July 30 (UPI) -- In what could be its final word on the matter, the government of Malaysia said Monday it's been unable to reach a definitive conclusion about what happened to a jetliner full of people that vanished four years ago.
Malaysia Airlines Flight 370, or MH370, disappeared March 8, 2014, en route from Beijing to Kuala Lumpur with 239 people aboard. Investigators believe it crashed somewhere in the Indian Ocean, but they've never come up with an explanation or found the plane's wreckage.
"The team is unable to determine the real cause for [Flight 370's] disappearance," the report states.
In its report Monday, the Malaysian government said one thing is for sure -- the Boeing 777 did not deviate from its flight path by accident.
Investigators said it would've been virtually impossible for any system failure to push Flight 370 so far off course. They concluded the plane was almost certainly flown manually to wherever it hit the water.
"The analysis of the relevant aircraft systems ... does not suggest a mechanical problem with the aircraft," the report notes.
The report determined the plane was not on autopilot when it veered off course, meaning someone on the flight deck made it happen.

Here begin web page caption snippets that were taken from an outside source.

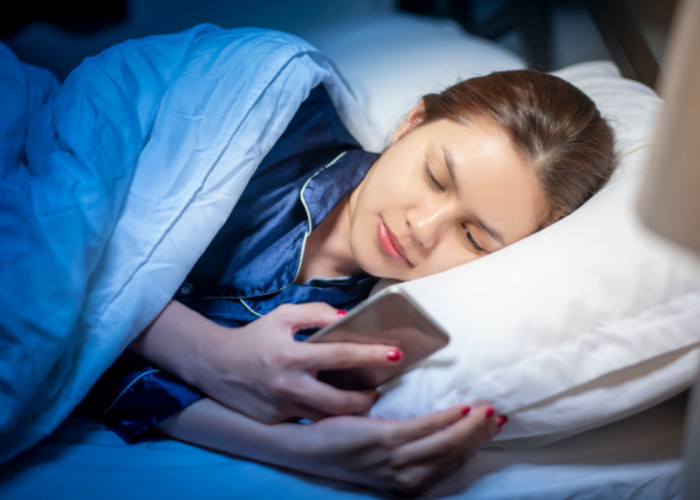Pentingnya Mengetahui Bahaya Bermain HP Bagi Kesehatan Sebelum Tidur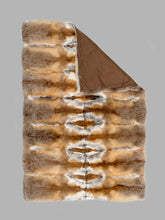 Laden Sie das Bild in den Galerie-Viewer, Decke 140 x 200 cm aus CH-Rotfuchsfellen
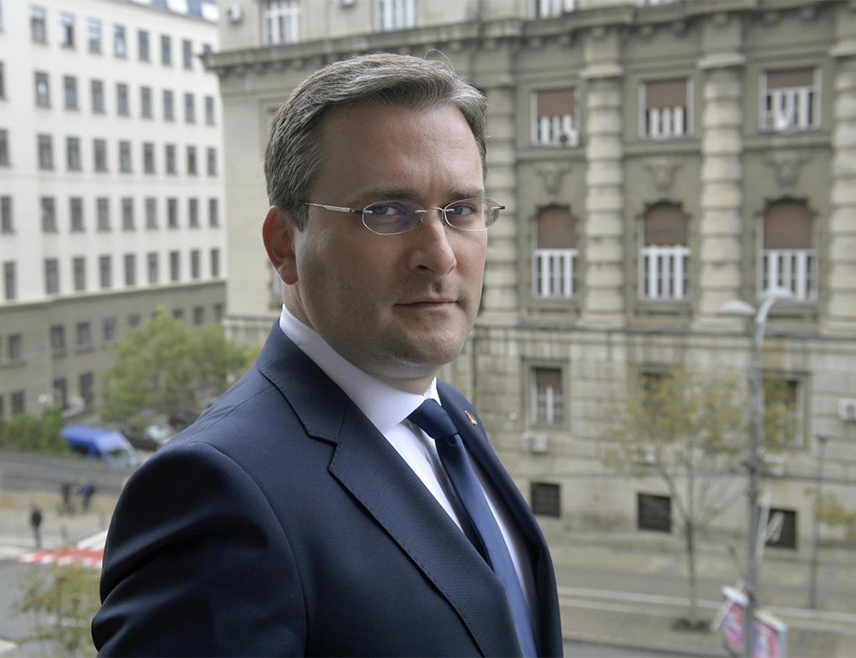 БЕОГРАД, 29. ОКТОБРА /СРНА/ - Министар културе Србије Никола Селаковић истакао је да је округли сто у хрватском Сабору на којем су извртане чињенице о логору Јасеновац најновији примјер који свједочи о намјери Хратске да се злочин у НДХ - држави фашистичког ужаса не само прикрије, него и глорификује, што је недопустиво.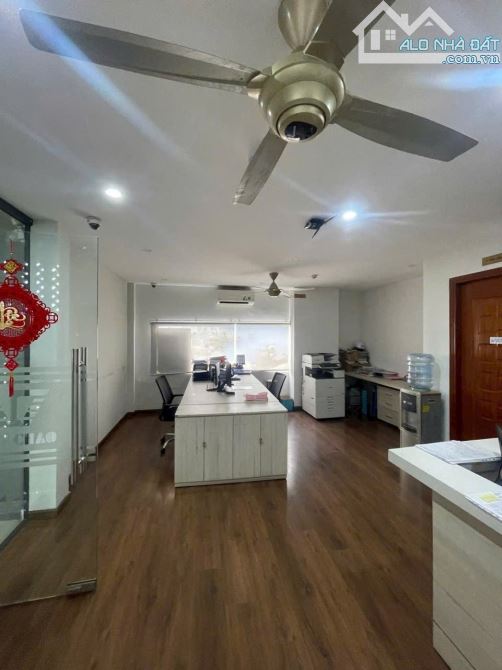 BÁN TOÀ NHÀ 7 TẦNG THÁNG MÁY TRUNG MỸ TÂY Q12 Dt 8x20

"The turn back could not be attributed to an anomalous system," Kok Soo Chon, the investigator in charge of the MH370 safety investigation, said at a news conference Monday. "It has been established that the air turn back was done under manual control, not autopilot."
All 239 people aboard the flight are presumed dead.
Although the report didn't come to many definitive conclusions, it did rule out several possibilities, including a theory that one or more of the pilots intentionally crashed the jetliner in an act of suicide.
Other factors ruled out were the mental states of the pilots, mechanical trouble or someone operating the flight systems by remote control.
Authorities, though, said it is possible there was "unlawful interference" by some unknown third party.
Several searches have been mounted for the missing plane over the last four years, but three small chunks of the left wing and tail section found in 2016 are the only pieces of wreckage authorities believe came from MH370.
Authorities previously said Monday's would be the final report on the matter, though officials have since indicated that there could be future updates. Kok said the Malaysian government will reopen the full investigation if the airliner is eventually found.
The Australian government also conducted searches and a full investigation, but its efforts have also turned up few answers.
The report stressed the need for an answer so that similar events can be averted in the future.
"Improvements must be undertaken to ensure that this type of event is identified as soon as possible, and mechanisms are in place to track an aircraft that is not following its filed flight plan for any reason," it said.
"The disappearance of MH370 and the search effort are unprecedented in commercial aviation history."